Task statement => Reproduce the listing below exactly, minus its pictures.

━━━━

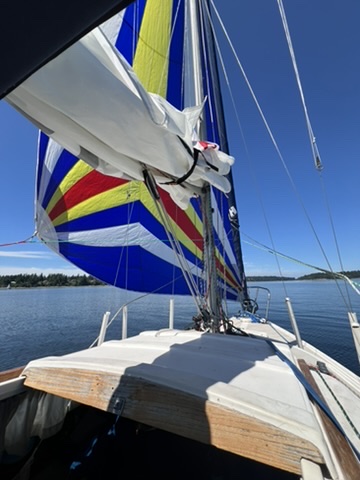 3A2F9797-347A-4285-84D4-EE0E376A04D2_4_5005_c.jpeg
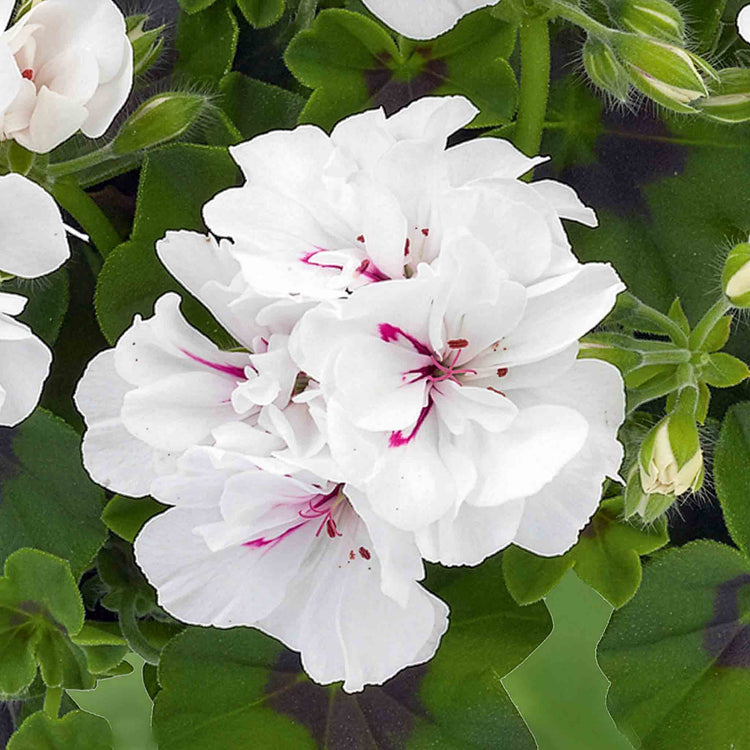 Geranium Plant 'Sunflair Eva White'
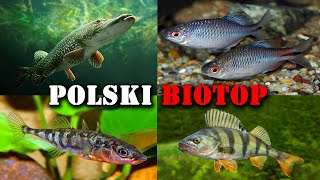 Polskie RYBY w Akwarium 🐟 Akwarystyka Zimnowodna [upl. by Ateloj37]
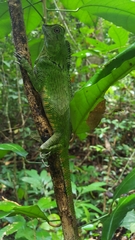 Gonocephalus doriae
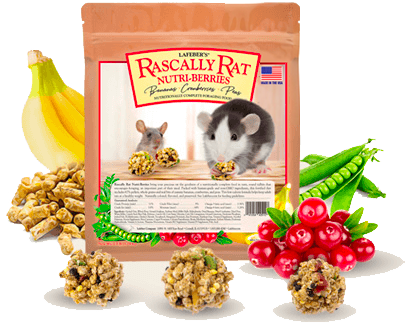 bag of Rascally Rat Nutri-Berries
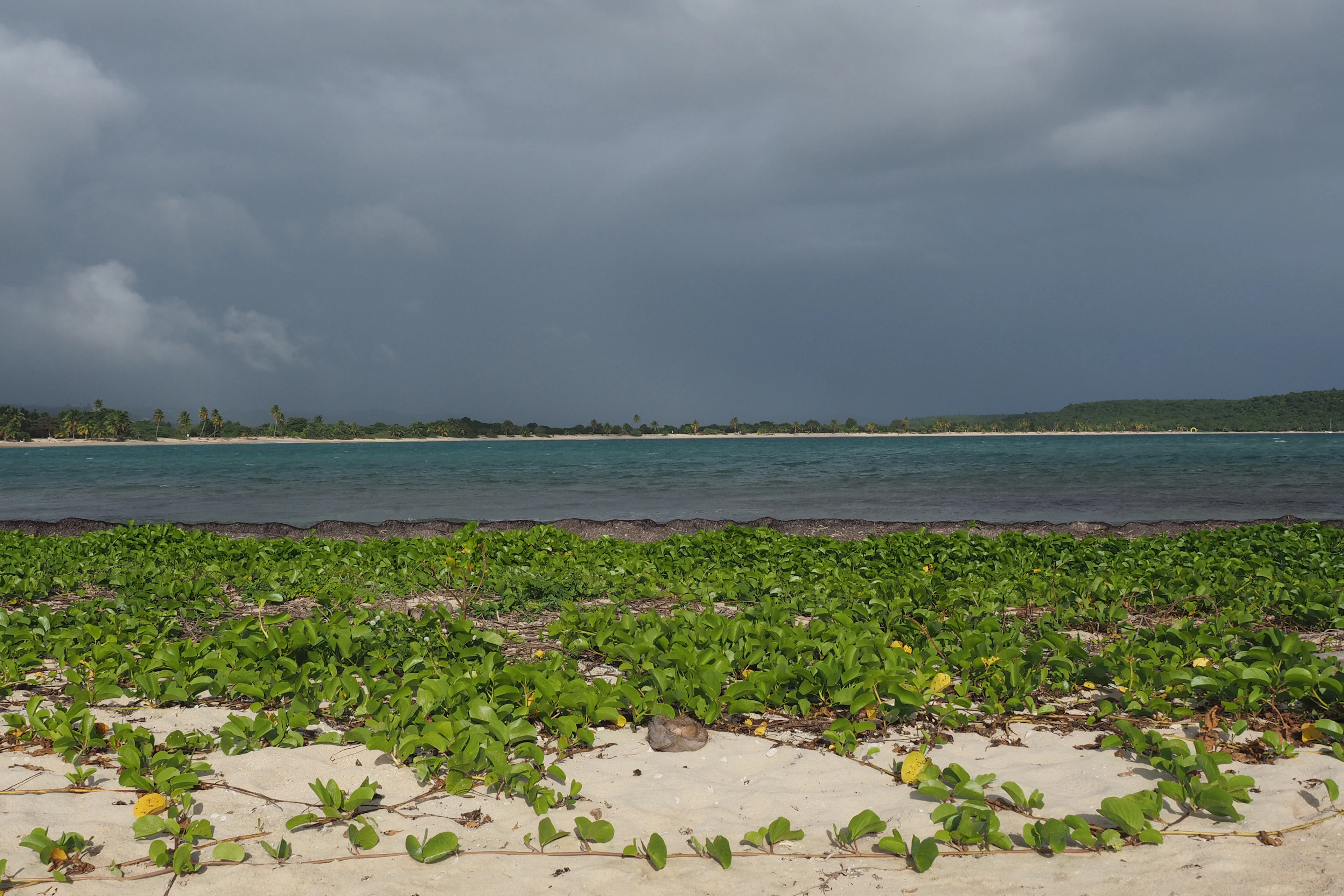 Vieques Travel Guide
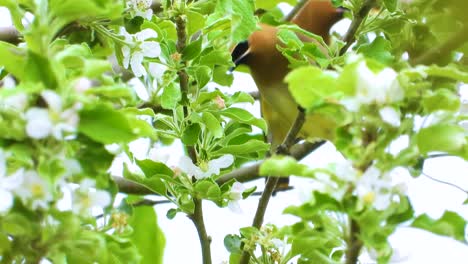 adorable cedar waxwing perched on a branch in its natural habitat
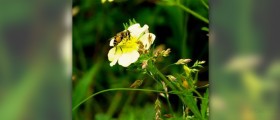 Bee sting reaction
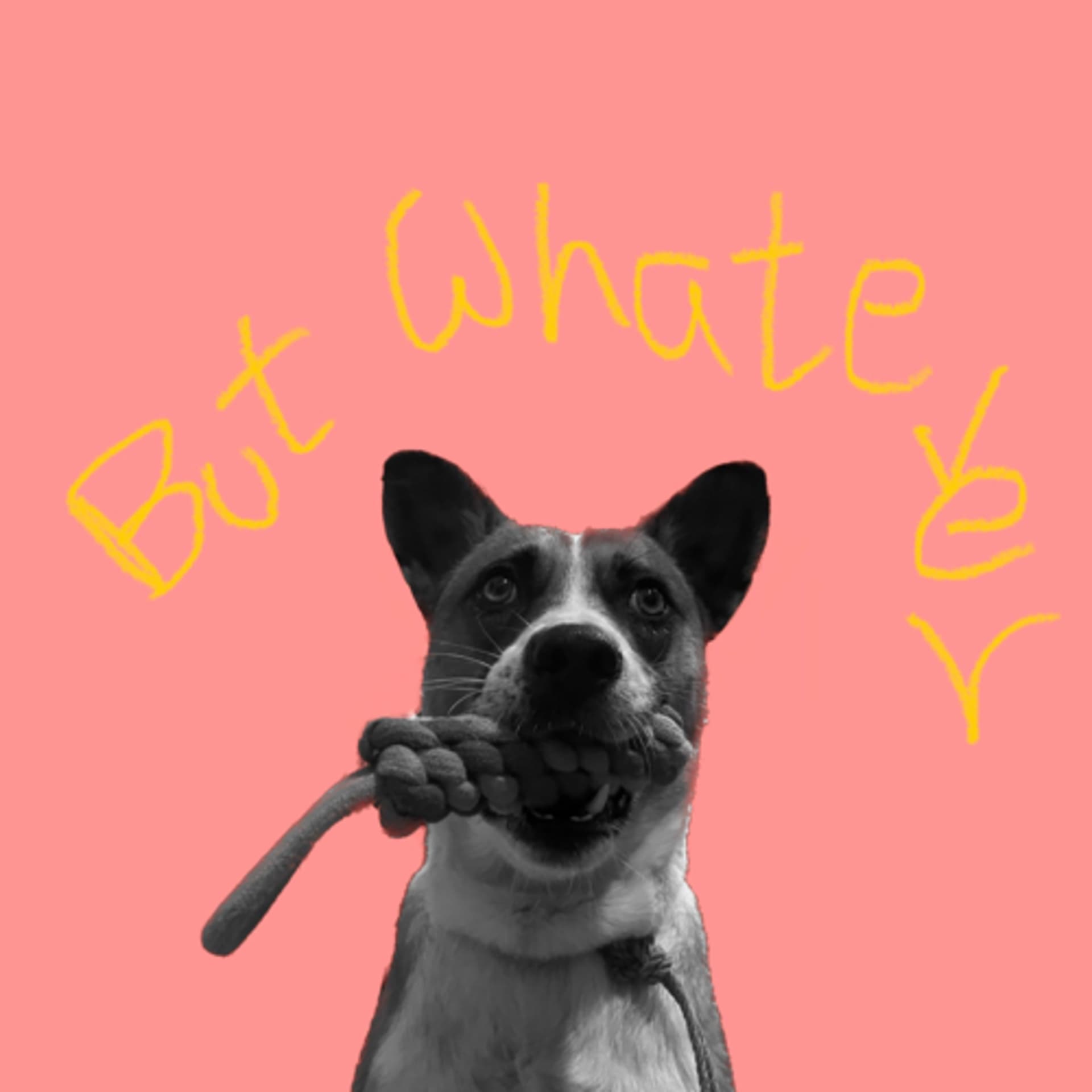 jagga j - But whatever cover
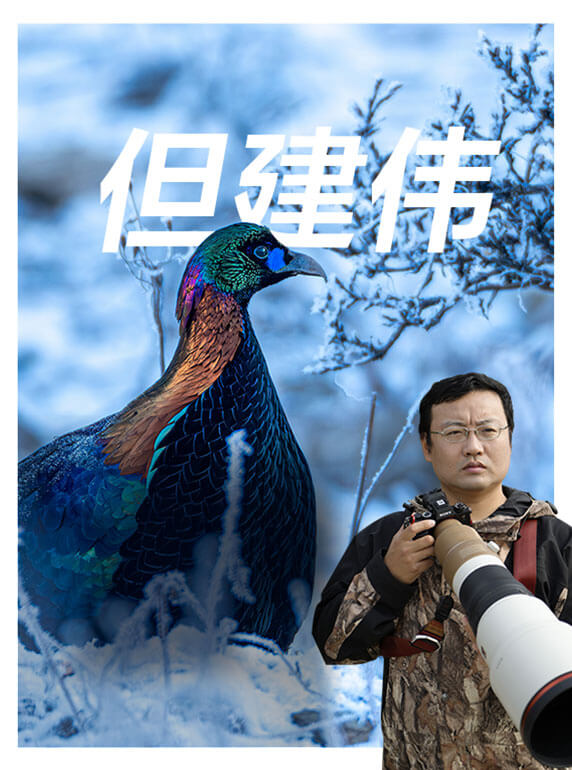 索尼双影像生态拍摄系统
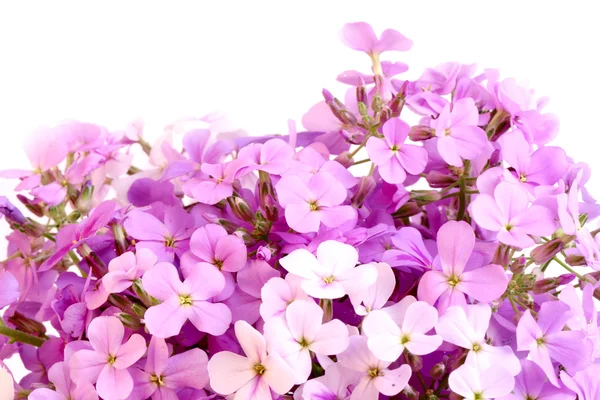Nacht Blumen violett Frühling sanften Hintergrund — Stockfoto
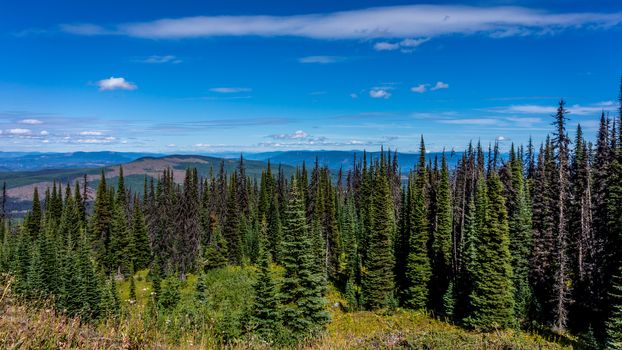 Hiking from the village of Sun Peaks through alpine meadows and coniferous trees to the top of Tod Mountain in the Sushwap Highlands of central British Columbia, Canada
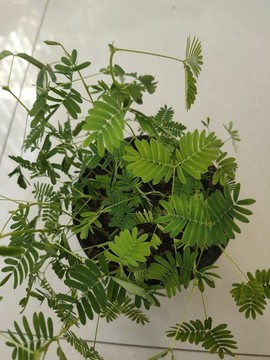 含羞草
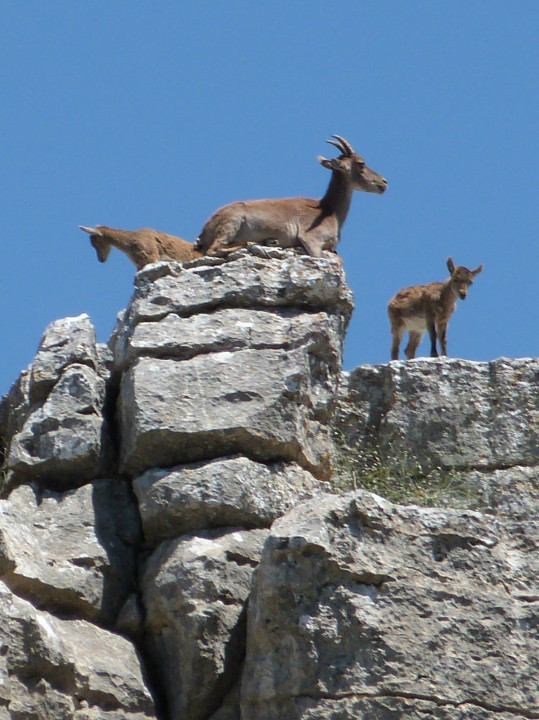 El Torcal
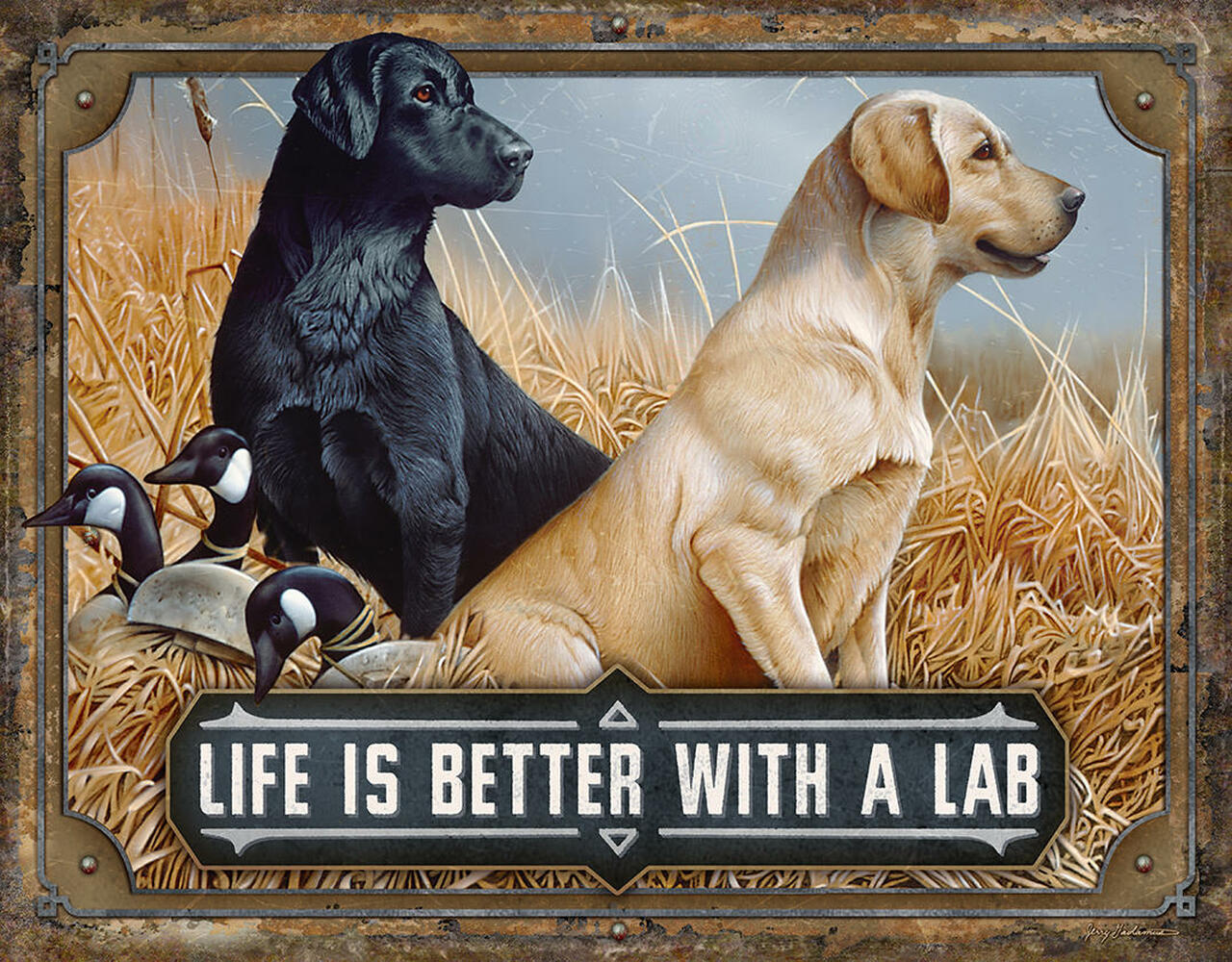 Better with a lab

━━━━

Answer section =>
 3A2F9797-347A-4285-84D4-EE0E376A04D2_4_5005_c.jpeg
 Geranium Plant 'Sunflair Eva White'
 Polskie RYBY w Akwarium 🐟 Akwarystyka Zimnowodna [upl. by Ateloj37]
 Gonocephalus doriae
 bag of Rascally Rat Nutri-Berries
 Vieques Travel Guide
 adorable cedar waxwing perched on a branch in its natural habitat
 Bee sting reaction
 jagga j - But whatever cover
 索尼双影像生态拍摄系统
Nacht Blumen violett Frühling sanften Hintergrund — Stockfoto
 Hiking from the village of Sun Peaks through alpine meadows and coniferous trees to the top of Tod Mountain in the Sushwap Highlands of central British Columbia, Canada
 含羞草
 El Torcal
 Better with a lab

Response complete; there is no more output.